Exercise requirements:
Please copy the records exactly as they appear, with all pictures left out.

Collection entries
----------

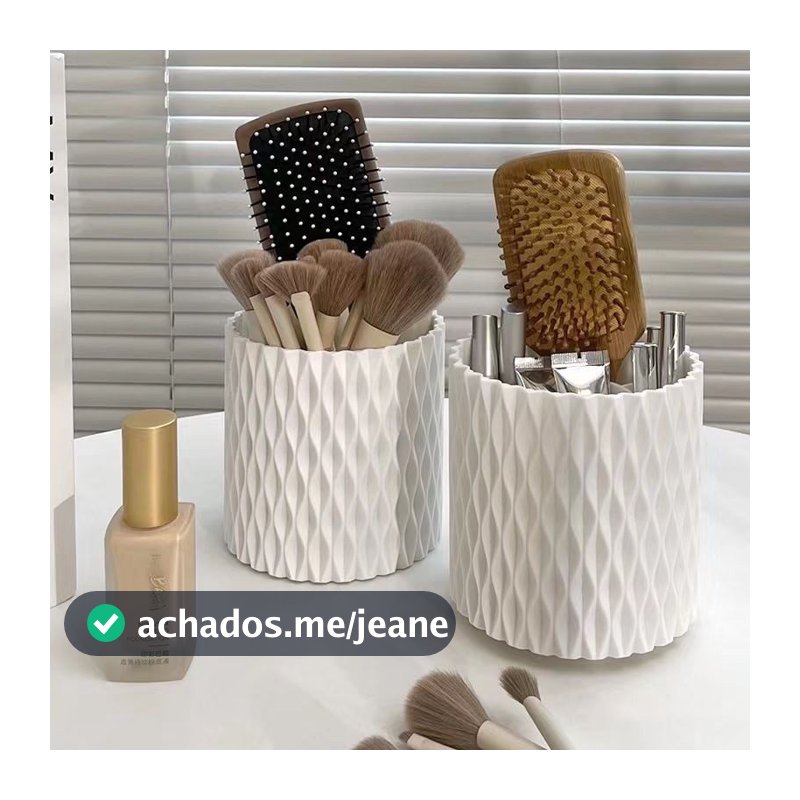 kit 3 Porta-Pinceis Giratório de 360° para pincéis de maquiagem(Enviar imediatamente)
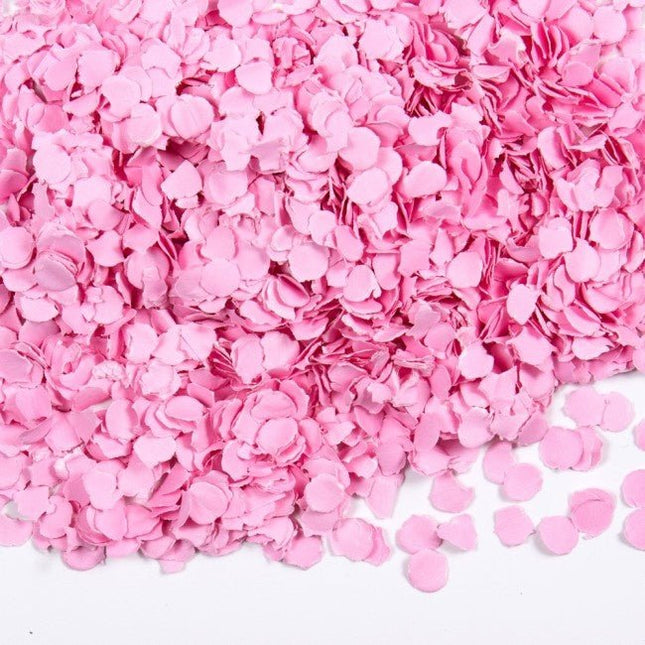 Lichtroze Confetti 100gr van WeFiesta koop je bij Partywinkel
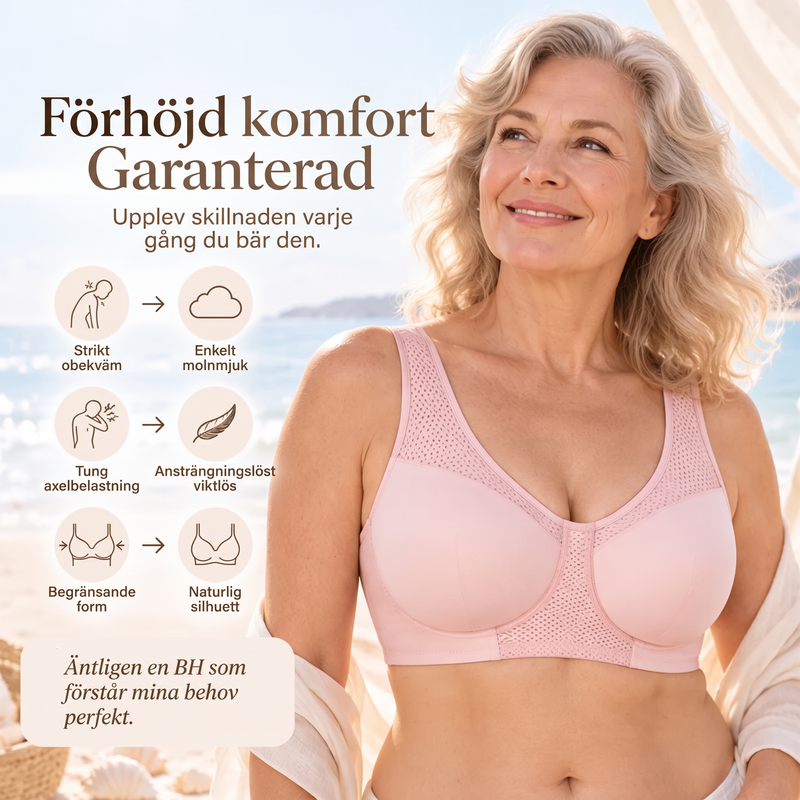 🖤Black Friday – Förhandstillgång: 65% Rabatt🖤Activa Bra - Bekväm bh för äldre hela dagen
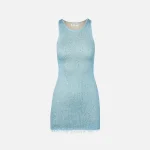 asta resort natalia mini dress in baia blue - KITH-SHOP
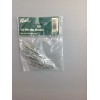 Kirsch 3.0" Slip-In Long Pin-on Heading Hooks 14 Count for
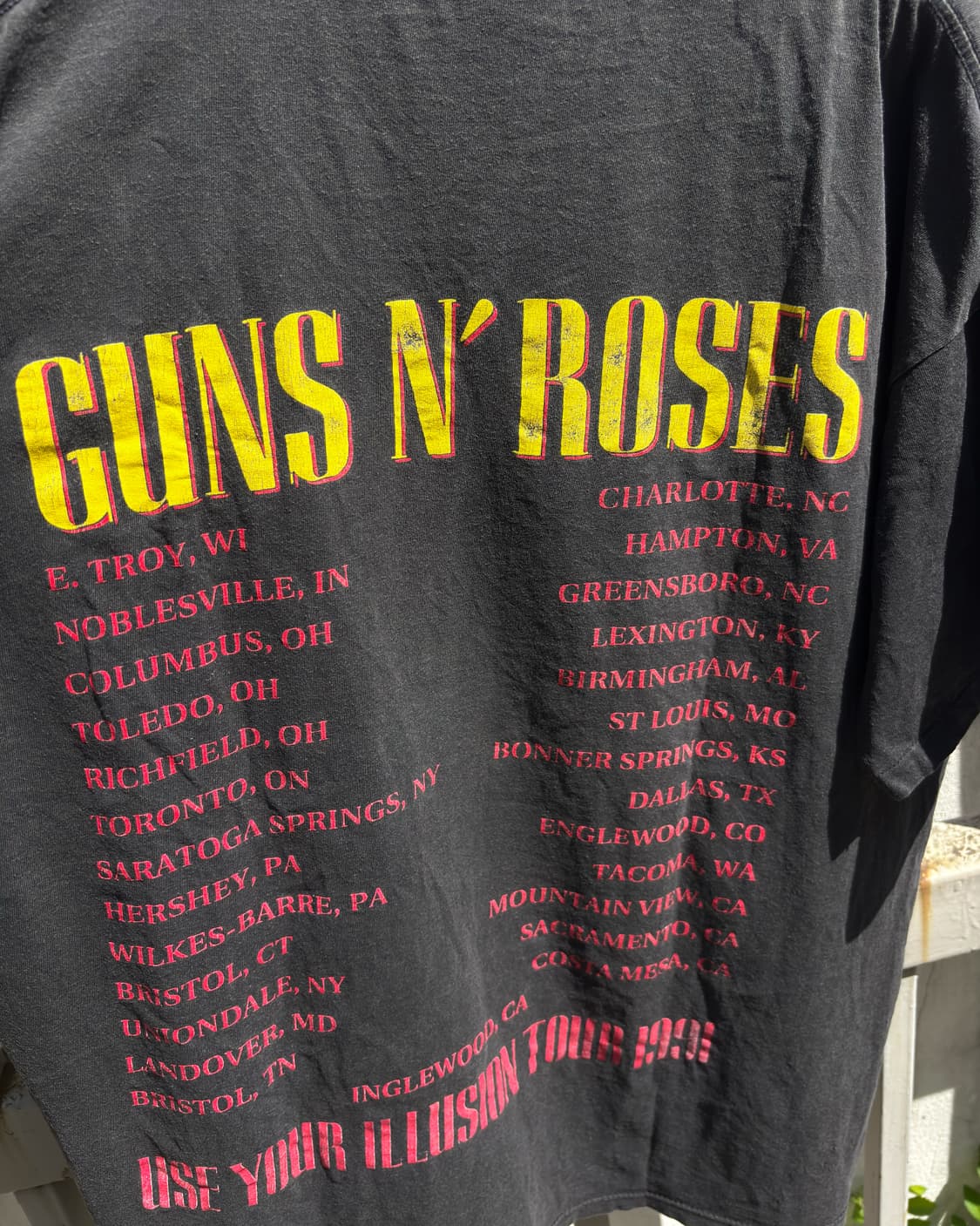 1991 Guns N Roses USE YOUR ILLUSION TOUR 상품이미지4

----------

Task answer:
 kit 3 Porta-Pinceis Giratório de 360° para pincéis de maquiagem(Enviar imediatamente)
 Lichtroze Confetti 100gr van WeFiesta koop je bij Partywinkel
 🖤Black Friday – Förhandstillgång: 65% Rabatt🖤Activa Bra - Bekväm bh för äldre hela dagen
 asta resort natalia mini dress in baia blue - KITH-SHOP
 Kirsch 3.0" Slip-In Long Pin-on Heading Hooks 14 Count for
 1991 Guns N Roses USE YOUR ILLUSION TOUR 상품이미지4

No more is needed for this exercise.